In a compiler implementing type checking, the rule 'Expr → Expr₁ + Expr₂' computes the type of the parent Expr from the types of its two children. This is an example of:
AAn inherited attribute, because type information flows from the expression node to its children
BA synthesized attribute, because the parent's value is computed from its children's values
CA synthesized attribute, because type checking always flows upward in the AST
DAn inherited attribute, because the grammar rule defines the parent's type
A synthesized attribute is computed from the attributes of children and flows upward to the parent. Here the parent Expr's type is computed from Expr₁.type and Expr₂.type — a classic synthesized attribute. Option A reverses the direction: inherited attributes flow downward from parent to children. Option C has the right answer but the wrong reasoning; synthesized attributes flow up, but not all upward-flowing information is about type checking specifically.

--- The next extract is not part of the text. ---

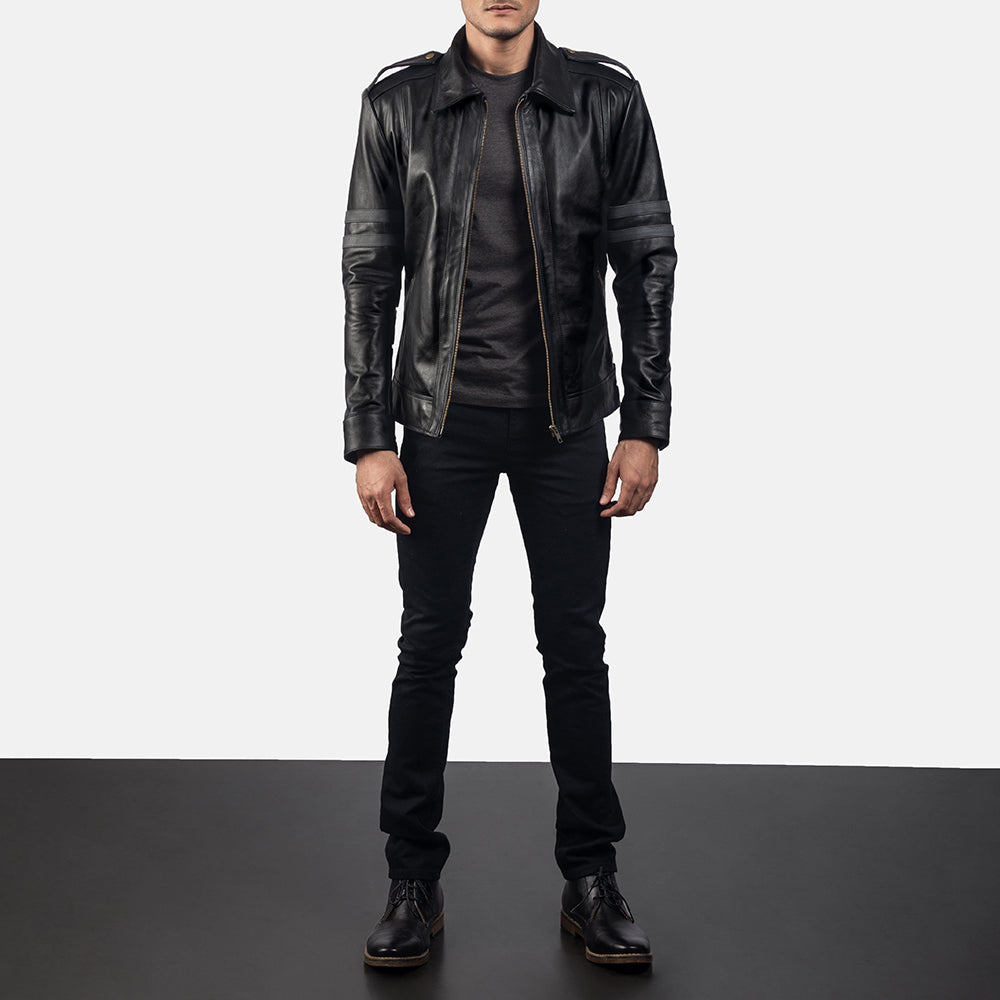 Armstrong Nero Giacca Biker in Pelle da Uomo - Lateral Side Profile View Showing Sleeve Cut &amp; Athletic Taper Fit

Question 2 Multiple Choice
A grammar rule declares 'int x, y, z;' where the type 'int' must be propagated to each variable in the declarator list. This type-propagation attribute is most naturally represented as:
AA synthesized attribute computed bottom-up from the variable names
BAn inherited attribute passed down from the type specifier to each variable
CA synthesized attribute, because the type is determined once and flows to later uses
DAn inherited attribute that flows from z back toward x through the sibling list
The type 'int' is known at the type-specifier node (a parent or left sibling) and needs to flow DOWN to each variable in the list — this is a classic inherited attribute. Synthesized attributes flow upward from children; inherited attributes flow downward from parents or from left siblings. Option D describes an impossible direction: inherited attributes can flow from parents or left siblings (in L-attributed grammars) but not from right siblings back to left ones.
Question 3 True / False
A grammar where nearly every attribute is synthesized (S-attributed) can be evaluated in a single top-down pass over the parse tree.
TTrue
FFalse
Answer: False
S-attributed grammars are evaluated in a single BOTTOM-UP pass, not top-down. Because synthesized attributes flow upward (children to parent), you must evaluate children before their parents. In a bottom-up traversal, you process leaves first and work toward the root — which is exactly the right order. A top-down (root-first) pass would try to compute parents before their children's values are known.
Question 4 True / False
In an L-attributed grammar, an attribute on a node can depend on the attributes of its right siblings.
TTrue
FFalse
Answer: False
L-attributed grammars allow inherited attributes to depend only on the PARENT's attributes and on LEFT siblings' attributes (already processed in a left-to-right traversal). Dependence on right siblings would require knowing those attributes before they've been processed, violating the left-to-right evaluation order. This restriction is precisely what allows L-attributed grammars to be evaluated in a single left-to-right pass — making them compatible with top-down parsing.
Question 5 Short Answer
What is the practical difference between a synthesized and an inherited attribute, and why does this distinction affect how you can evaluate a grammar in a single pass?
Think about your answer, then reveal below.
Model answer: A synthesized attribute is computed from a node's children and flows upward to the parent; it can be evaluated in a single bottom-up pass because children are always ready before their parents. An inherited attribute is computed from a node's parent or left siblings and flows downward; it requires that context above or to the left already be processed. When a grammar mixes both, the evaluation order must respect all dependencies — which may require multiple passes or a carefully constrained dependency structure (like L-attributed grammars) to ensure a single pass remains possible.
The distinction directly determines pass structure. Pure synthesized (S-attributed): one bottom-up pass. Mixed with inherited but L-attributed: one left-to-right pass. Arbitrary inherited attributes with cycles or right-sibling dependencies: multiple passes or might be unevaluable. Compiler designers care because one-pass evaluation is fast and simple; multi-pass evaluation adds complexity.